Here are some general guidelines:
1. Do you need this program to work in a classroom setting? When teaching concepts in aquatic chemistry, you'll need a program that makes it easier to focus on chemical equilibrium. You don't want to have to computer programming as a means of teaching modeling. Chemical equilibrium is complicated enough without introducing additional complexity in the form of a computer. The program should clarify all the assumptions being made in a straight forward manner. It should be easy to visualize the results and to navigate through the various options. The user's manual should be directed toward lessons that will help you get the subtleties across. Ideally, it would be great if the software maintained a perspective that was consistent with that of standard textbooks and the overall curriculum.
2. Do you need source code so that you can include it in a larger modeling framework? If you're more of a nuts and bolts type of modeler, you probably don't worry about issues such as data visualization and graphics. You're more comfortable taking control of things from the ground up. In such a case, you would be better off with one of the freeware programs offered through the USEPA or USGS. The learning curve is steep, but there won't be any surprises and you can't beat the price.
3. How much time do you have to learn a new program? If deadlines are more important, then you need to focus on programs that will provide good visualization and help lead you though the problem solving process. The documentation needs to be well organized and designed to bring you to a specified end point.
4. Is it important that the program be compatible with 3rd party software like spreadsheets, databases, or statistical software? You need a program that will have these features built in. If you are more inclined to making things from the ground up (see item 2), then you can always program these features yourself. Generally, it is better to have 3rd party compatibility built in. The reason is that compatibility is not just a matter of reading in a specified file format. It also requires the inclusion of certain user interface and program compatibility issues that allow flexibility. Usually when people program these types of special additions to software they don't want to think about the full set of issues that are required. They would much rather program for a specific short-term goal. Maybe this sounds familiar?
5. Do you need this program to process large datasets, such as the type you would generate in doing field research? Many programs are designed to perform single runs and if you want to process large datasets you would have to go through the tedious task of submitting each set of data separately. In addition, you need to see how the program organizes the output results. If the numbers you are interested in are embedded within a large text report then extracting the output data for further analyses could also be tedious (and time consuming). Automatic processing of large datasets requires simple methods for inputting data and extracting output.

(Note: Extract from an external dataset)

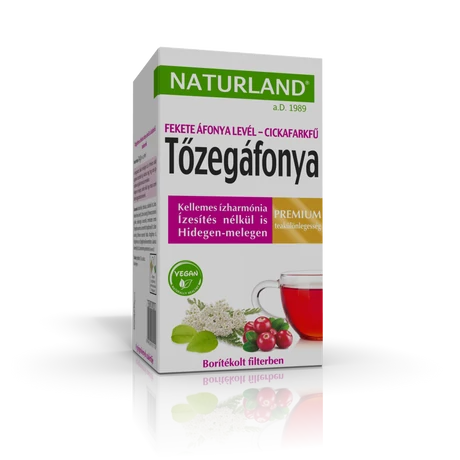 Naturland Prémium Tőzegáfonya-Feketeáfonyalevél-Cickafarkfű teakeverék 20x1,2 g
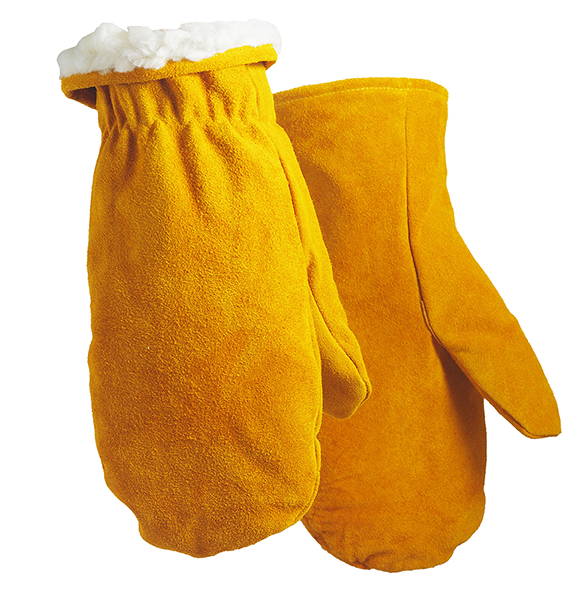 Sherpa Lined Cow Split Chopper Mitts - Tan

These are a few of the things to think about when choosing a chemical equilibrium model. Of all the items listed above, MINEQL+ provides excellent capabilities in all items except number 2. If you are developing your own program, then MINEQL+ is not for you.
I haven't gone into any of the chemical or technical specifications of these models for a reason: 95% of the numerical algorithms are the same on all these programs. Some provide an expanded hyrdological approach, others alllow you to reverse the calculation to estimate parameters. Otherwise, all the programs are numerically the same. The differences come more in the ways that human beings interact with them and the overall assumptions that the programmers had about their audience.